Chris McCoy

No. 96
- Position:: Defensive end

Personal information
- Born:: November 25, 1986 (age 38) Villa Rica, Georgia, U.S.
- Height:: 6 ft 4 in (1.93 m)
- Weight:: 261 lb (118 kg)

Career information
- College:: Middle Tennessee
- NFL draft:: 2010: 7th round, 212th pick

Career history
- Miami Dolphins (2010)*; Seattle Seahawks (2010)*; Miami Dolphins (2010)*; Houston Texans (2010)*; Pittsburgh Steelers (2011)*; Calgary Stampeders (2011–2012); Philadelphia Eagles (2013)*; Jacksonville Jaguars (2013)*; Oakland Raiders (2013–2014)*; Ottawa Redblacks (2014);
- * Offseason and/or practice squad member only

Career highlights and awards
- Sun Belt Co-Defensive Player of the Year (2009); First-team All-Sun Belt (2009);
- Stats at Pro Football Reference
- Stats at CFL.ca (archive)

= Chris McCoy =

American gridiron football player (born 1986)

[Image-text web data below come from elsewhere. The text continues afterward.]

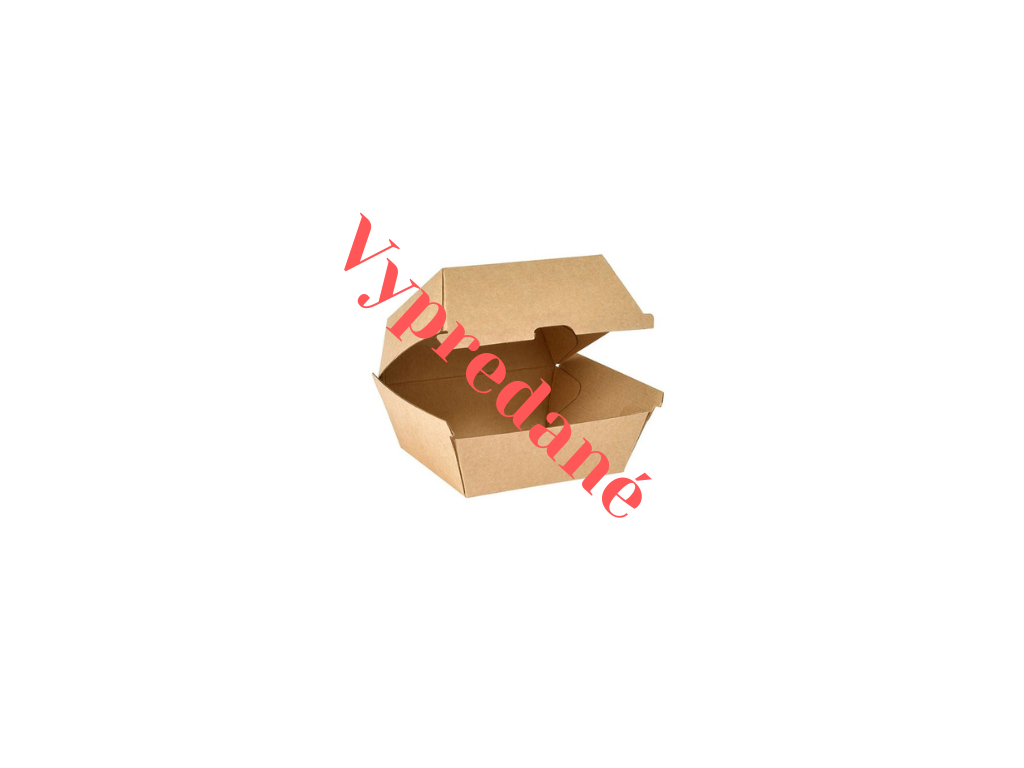 Streetfood - GS Kraft Clam hamburger box 500 ml - 55/balenie - Greenstic-sk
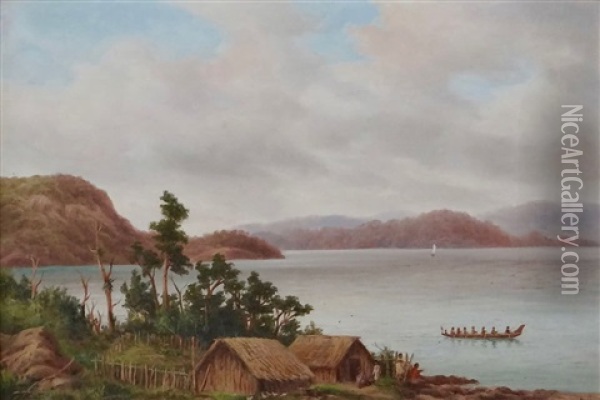 Lake Waikaremoana Oil Painting - William George Baker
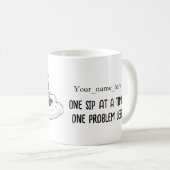 ANTISTRESS One sip at a time, one problem less Kaffeetasse (VorderseiteRechts)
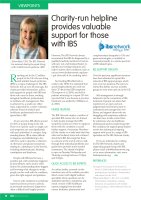 Charity-run helpline provides valuable support for those with IBS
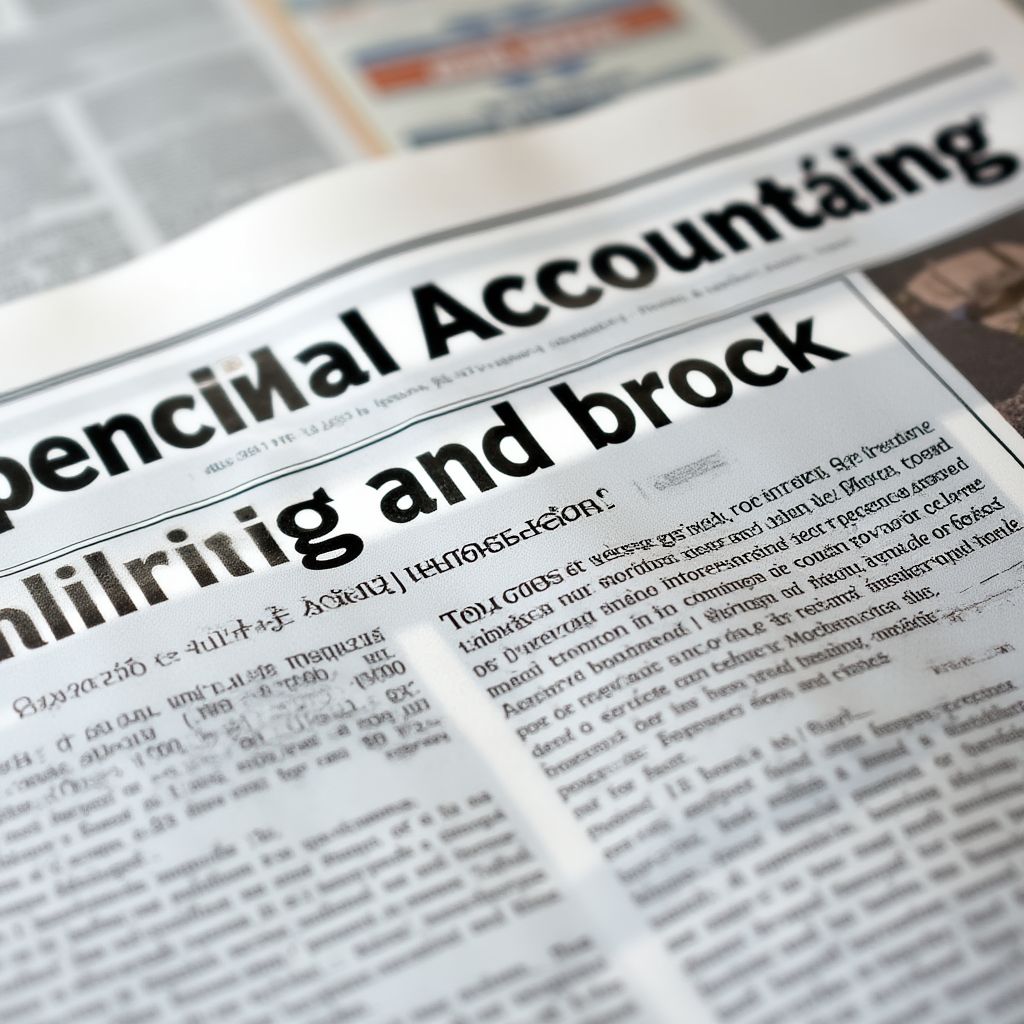 Articol despre educația financiară în ziare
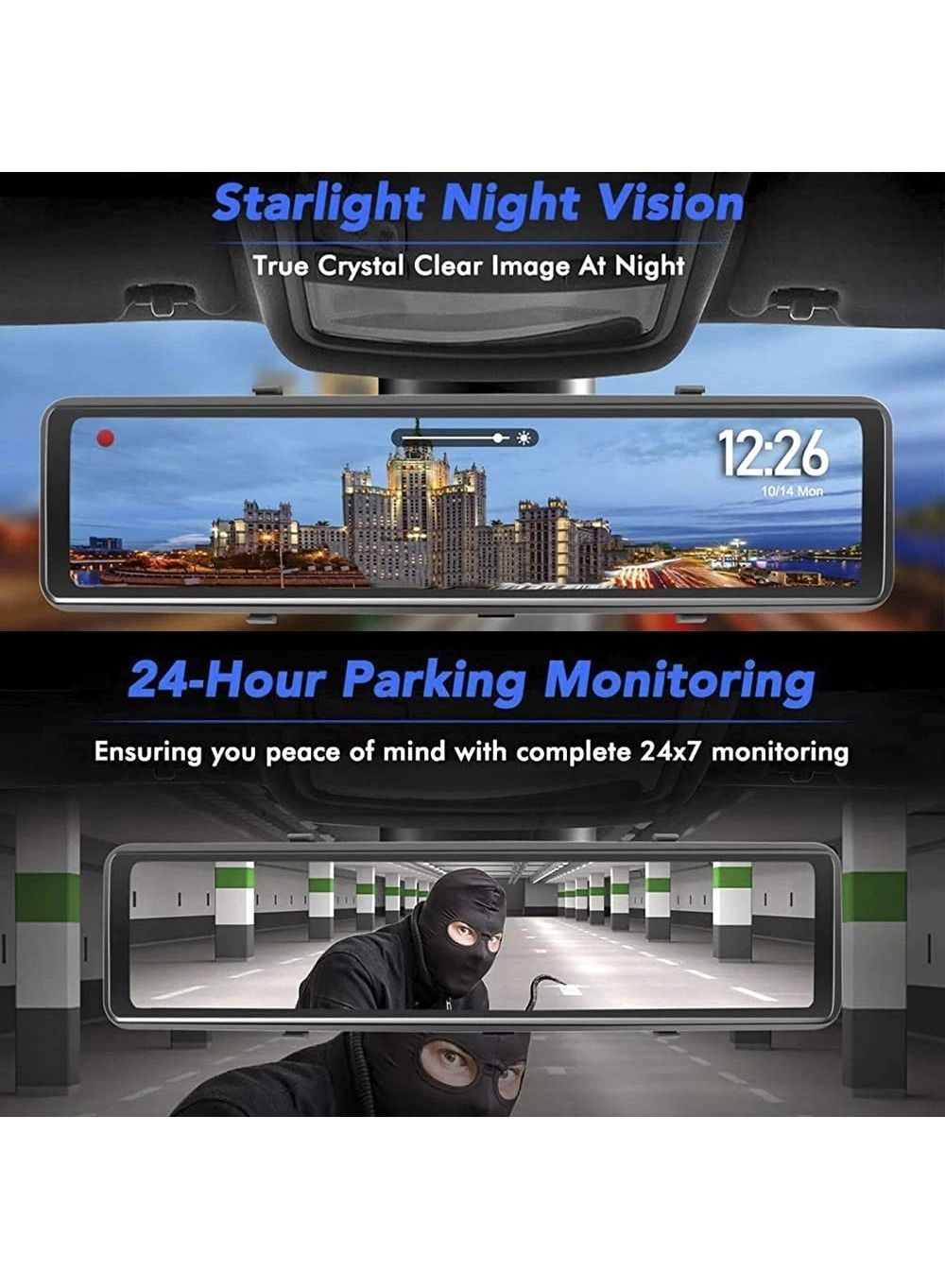 Mirror Dash Cam 1296P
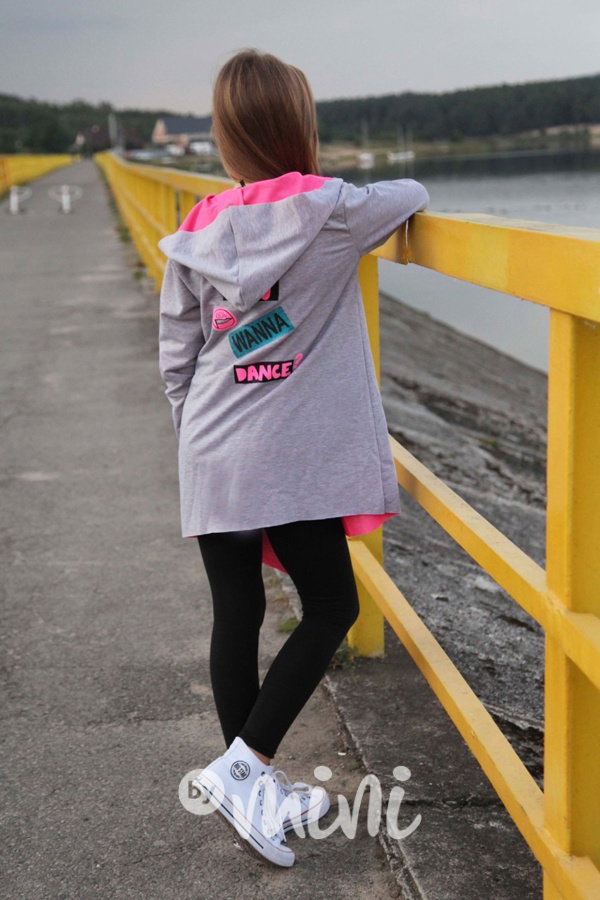 Dance kardigan neon pink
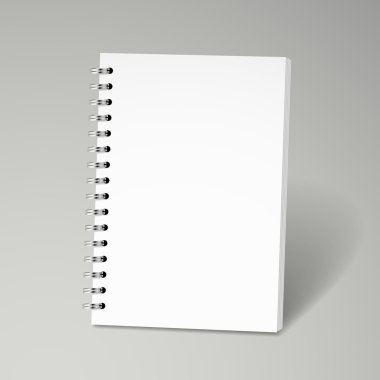 blank note book  clipart
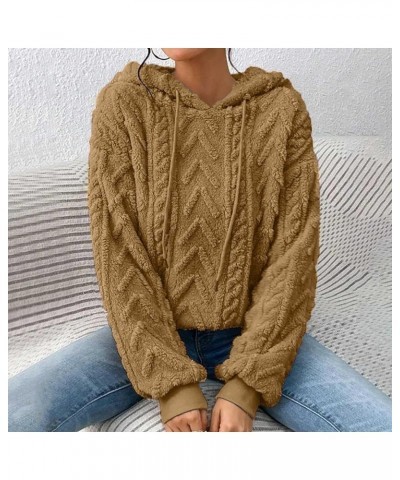 Fall Sweaters for Women 2023 Trendy Womens Long Sleeve Tops Plus Size Fashion Knit Pullover Jumper Ladies Blouses 4-coffee $1...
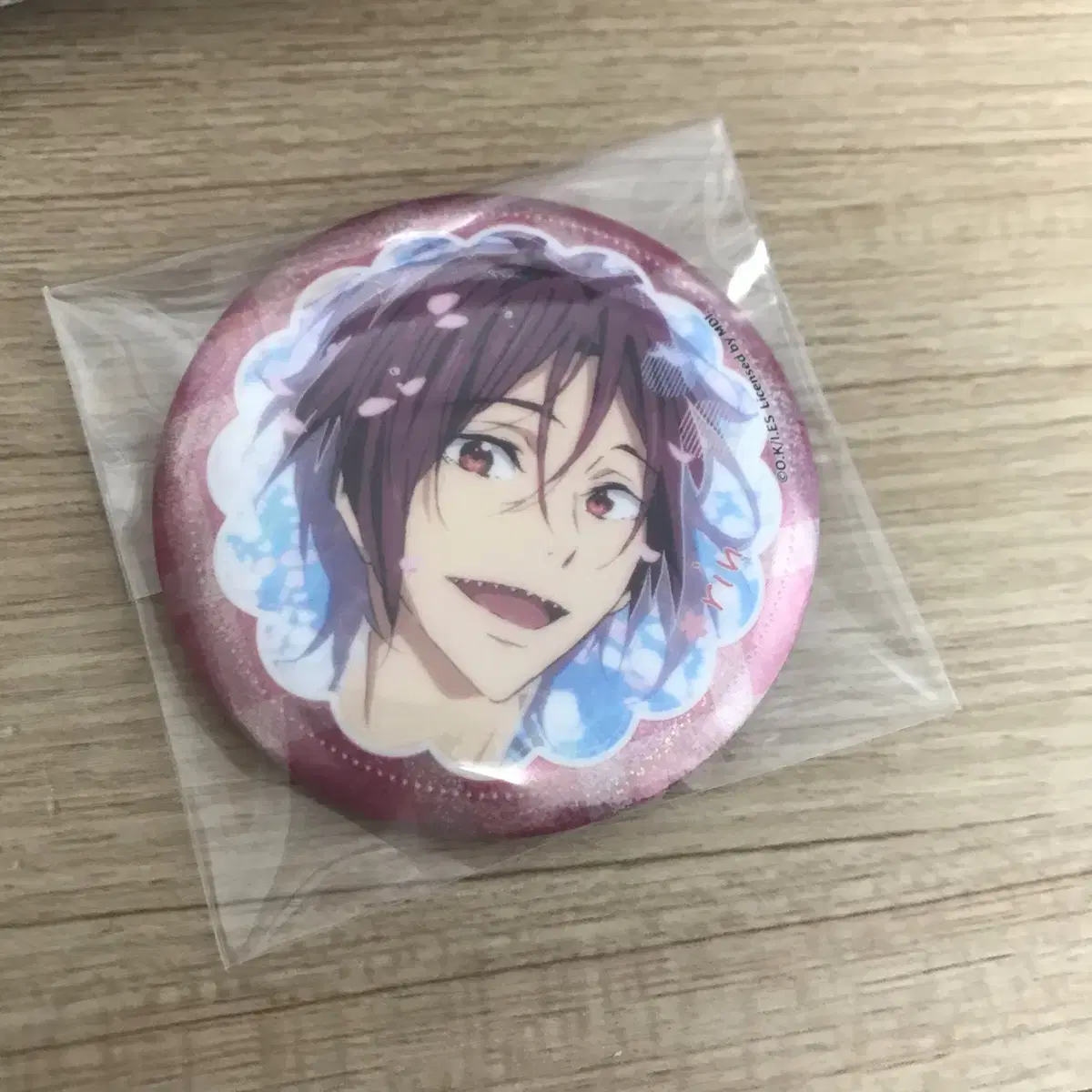 free! Free Matsuoka Rin Can Badge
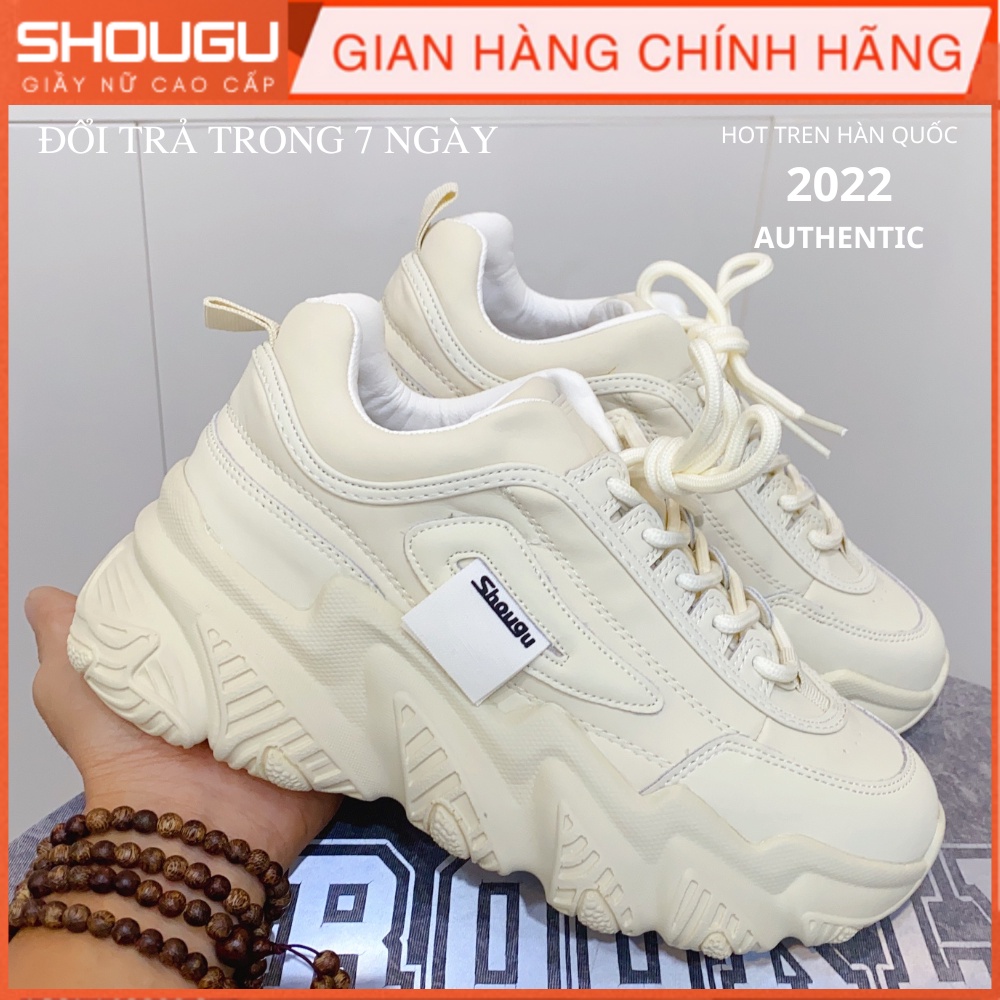 Giầy thể thao đế độn nữ ( CHÍNH HÃNG SHOUGU ) phong cách hàn quốc mã 8006 mẫu mới 2022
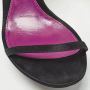 Sergio Rossi Pre-owned Satin sandals Black Dames - Thumbnail 7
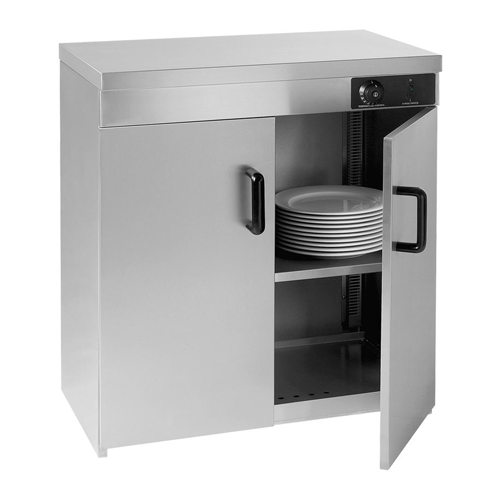 2-Door Plate Warmer Cabinet - Eco Prima Home and Commercial Kitchen Supply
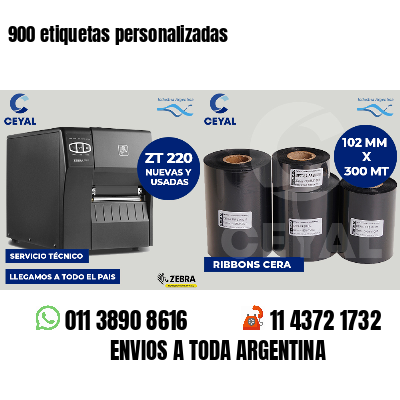 900 etiquetas personalizadas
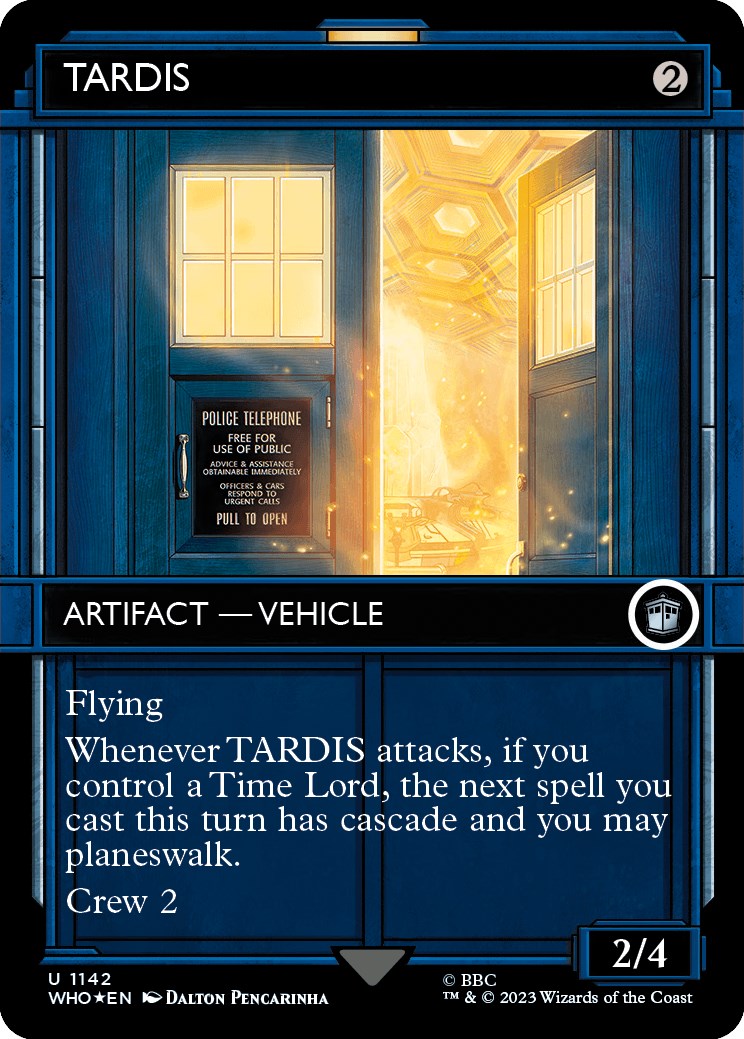 TARDIS (Showcase) (Surge Foil) [Doctor Who] | Nerdhalla Games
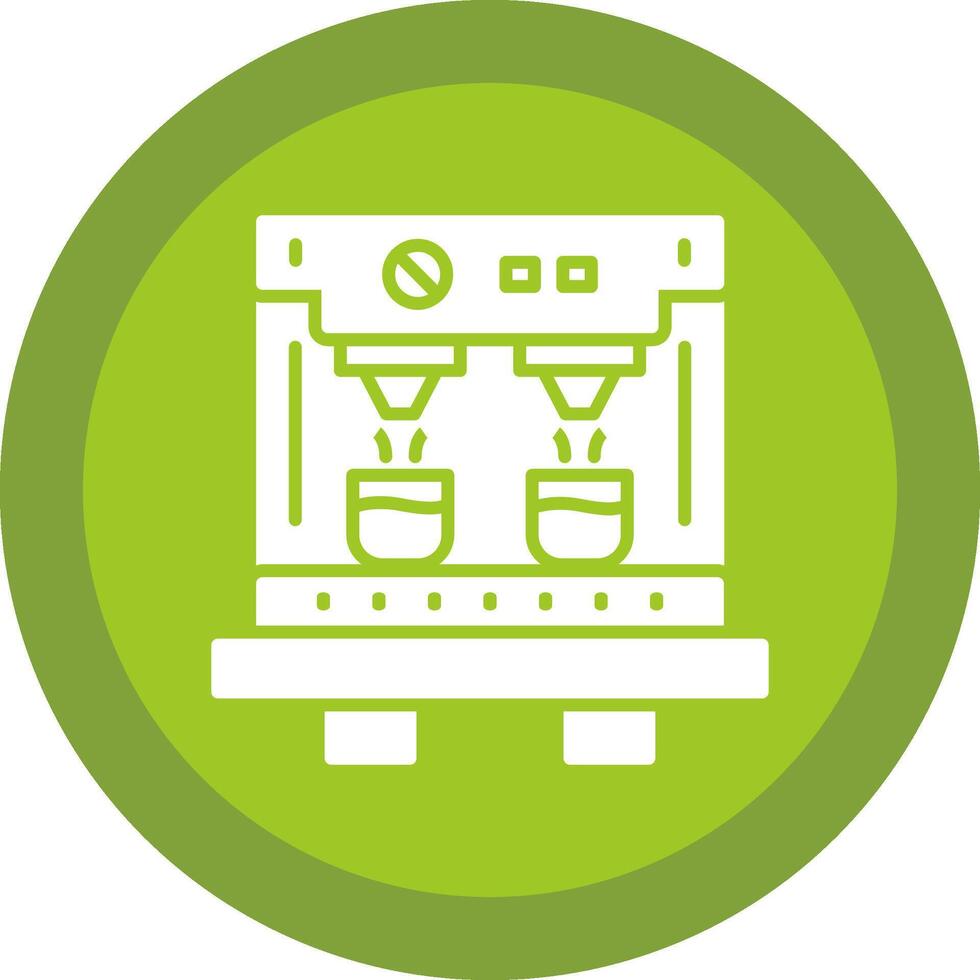 Coffee Machine Glyph Due Circle Icon Design vector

Christopher Brandon McCoy (born November 25, 1986) is an American former professional football defensive end. He was selected by the Miami Dolphins in the seventh round of the 2010 NFL draft. He played college football at Middle Tennessee State. McCoy also played in the National Football League (NFL) for the Seattle Seahawks, Houston Texans, Pittsburgh Steelers, Philadelphia Eagles, and the Calgary Stampeders of the Canadian Football League (CFL).

==Professional career==
===Miami Dolphins===
McCoy was selected by the Miami Dolphins with the 212th overall pick of the 2010 NFL draft. On June 15, 2010, McCoy was signed to a four-year contract. He was waived during final cuts on September 4, but was re-signed to the team's practice squad. He was later released from the practice squad.

===Seattle Seahawks===
McCoy was signed to the Seattle Seahawks' practice squad on October 19, 2010. He was released on October 26, 2010.

===Pittsburgh Steelers===
McCoy played in all pre-season games of 2011 for the Pittsburgh Steelers but was cut from the final roster before the start of 2011 NFL season.

===Calgary Stampeders===
After being cut from the Steelers, McCoy signed with the Canadian Football League's Calgary Stampeders. McCoy played for the Stampeders as a defensive end and recorded 12 games with 29 tackles and five sacks over two seasons in the CFL.

===Philadelphia Eagles===
McCoy was signed by the Philadelphia Eagles on February 6, 2013 and was cut on August 31, 2013.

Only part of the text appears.